Oleh: Jufri
Pemerhati Sosial dan Politik
Musyawarah Daerah X Majelis Ulama Indonesia (MUI) Sumatera Utara periode 2025–2030 akhirnya menetapkan kembali susunan kepemimpinan organisasi keulamaan terbesar di daerah ini. Seperti lazimnya sebuah forum musyawarah besar, ia tidak hanya melahirkan keputusan, tetapi juga menyisakan cerita, tafsir, dan pertanyaan-pertanyaan yang patut direnungkan bersama.

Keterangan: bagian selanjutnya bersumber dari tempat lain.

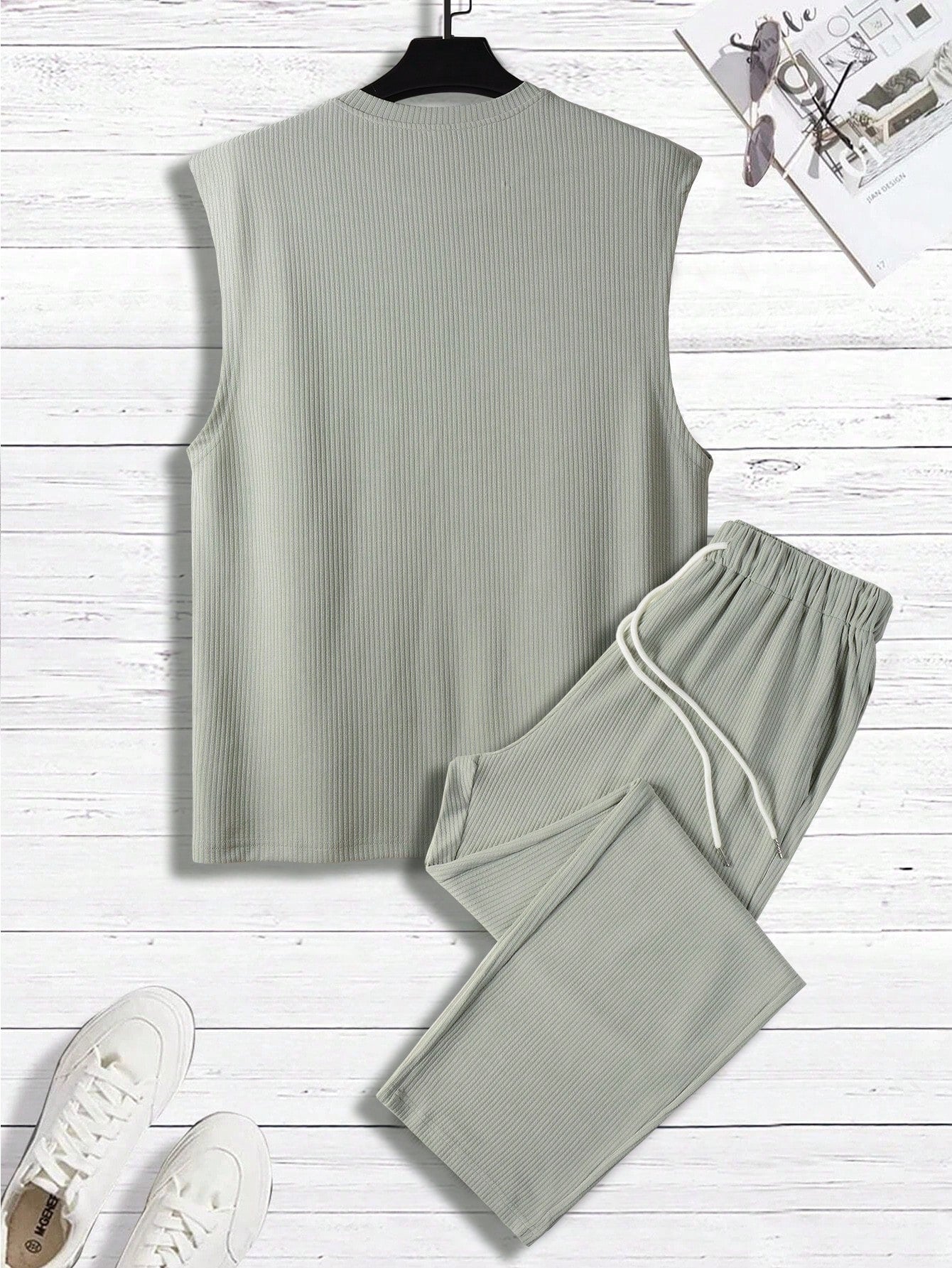 Conjunto Masculino Regata Lisa E Calça Com Cós Ajustável Conjunto Masculino Regata Lisa E Calça Com Cós Ajustável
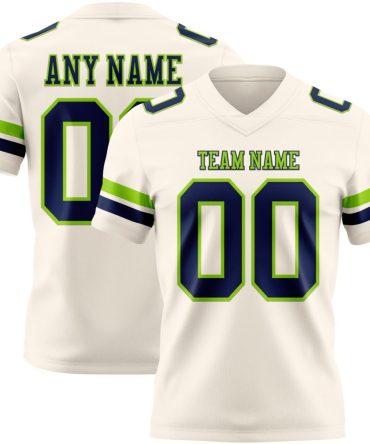 Custom Cream Navy-Neon Green Authentic Football Jersey, Gift For Football Fans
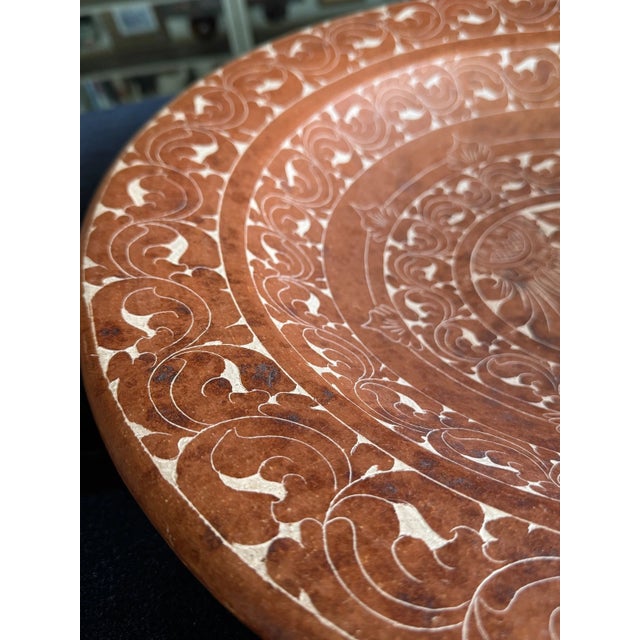 Late 20th Century Monumental Sasak Burnished Terracotta Bowl, Lombok – Hand-Incised Scrollwork, Late 20th Century For Sale - Image 5 of 6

Ketua Dewan Pertimbangan dipercayakan kepada Prof. Dr. H. Agussani, M.AP, sosok akademisi yang relatif diterima lintas ormas dan generasi. Dewan ini diperkuat oleh nama-nama tokoh penting, mulai dari Muhammad Bobby Afif Nasution, H. Surya, H. Musa Rajekshah, hingga sejumlah ulama dan akademisi senior lainnya. Secara struktur, Dewan Pertimbangan merepresentasikan wajah relasi antara ulama, tokoh umat, dan kekuasaan lokal—relasi yang selalu sensitif namun tak terelakkan.
Pada kepengurusan harian, Dr. H. Maratua Simanjuntak kembali dipercaya sebagai Ketua Umum. Terpilihnya kembali beliau menjadi catatan tersendiri. Dalam dinamika Musda, sempat mengemuka pernyataan bahwa beliau tidak bersedia lagi untuk dicalonkan pada periode berikutnya. Namun pada akhirnya, sejarah organisasi sering berjalan dengan cara yang ironis: mereka yang ingin rehat justru kembali dipanggil oleh amanah.
Fenomena ini bukan sekadar soal figur, melainkan soal ketergantungan organisasi pada kontinuitas tokoh, sekaligus cermin bahwa regenerasi di tubuh lembaga keumatan sering kali berjalan lebih lambat dari harapan.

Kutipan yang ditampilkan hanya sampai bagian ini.